Monday, June 1, 2009

A Mighty Endeavor too Far

After our OCS Case Blue game, we were going to get in a quick practice for our planned WBC-W The Mighty Endeavor game. This is another of The Gamers' (now MMP) SCS games, a series I'm liking more and more each time I play. So much so, in fact, that I've picked up all the SCS games recently, except for Drive On Paris, which is comparatively rare and mucho expensive.

However, this WBC-W has been cursed, and Eric was another casualty, changing jobs around it such that our TME game was cancelled. Rather than lose it altogether, we decided to extend our practice into a full game. Of course, this meant that our several sessions required to play it would take place over an extended time, as we would have to skip the week of the event and the weeks either side (Eric needs to acquire brownie points). So it was that we played two evening sessions,then picked it back up this last week, four weeks later.

TME covers the entire western European theater, from the north to the south of France, and from the west of France all the way into the western part of Germany. This means that the scale is several times larger (or is that smaller?) than other SCS games, with units being divisions and hexes representing 15 miles.

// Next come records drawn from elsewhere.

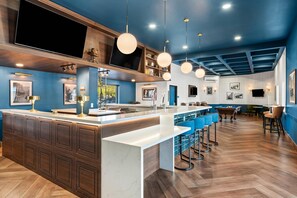 Une cuisine moderne avec un îlot central, des tabourets de bar et une table de billard.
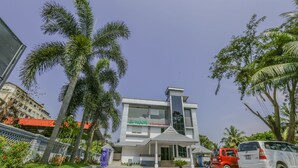A hotel with a modern facade, a prominent entrance, and a parking area with cars. - Le Noor (Kanayannur)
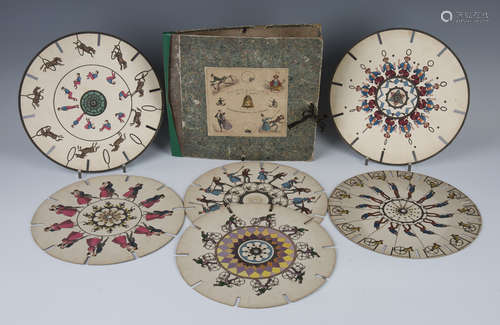 A group of 19th century Fantascope discs, comprising a set of six hand-coloured discs and their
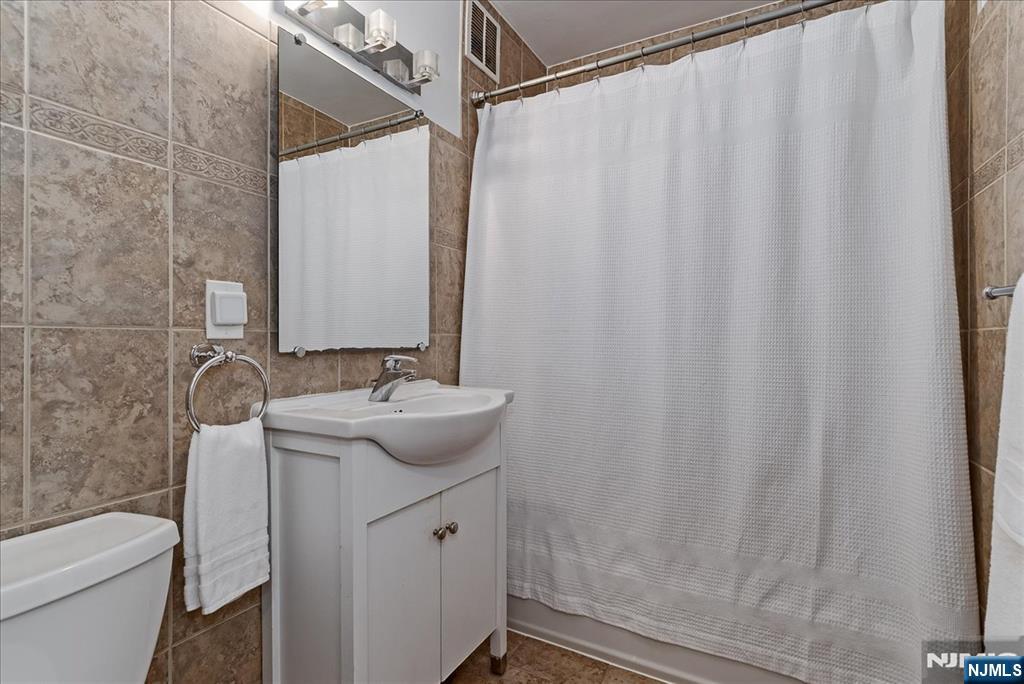 530 Valley Road, Unit C003L Montclair, NJ 07043 - Photo 20 of 25 a bathroom with a sink and a mirror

It says something for the system that it can handle the various scales with ease.

The thing that I immediately liked about TME is that the Allied player has the flexibility to choose his own landing zones. The various potential beaches are rated for how good they are for landings, in terms of initial landing and follow-up strengths, and the Allied player has 6 invasion beach tokens. Each beach that's invaded takes a token, that counts for landing units for a fixed number of turns. Once all 6 tokens have been used, no more landings are allowed. So the Allied player has several competing requirements. Landing in strength is important, but so is having access to ports (for future supply and landing of units), and not being too far away from Germany is also important. All very intriguing.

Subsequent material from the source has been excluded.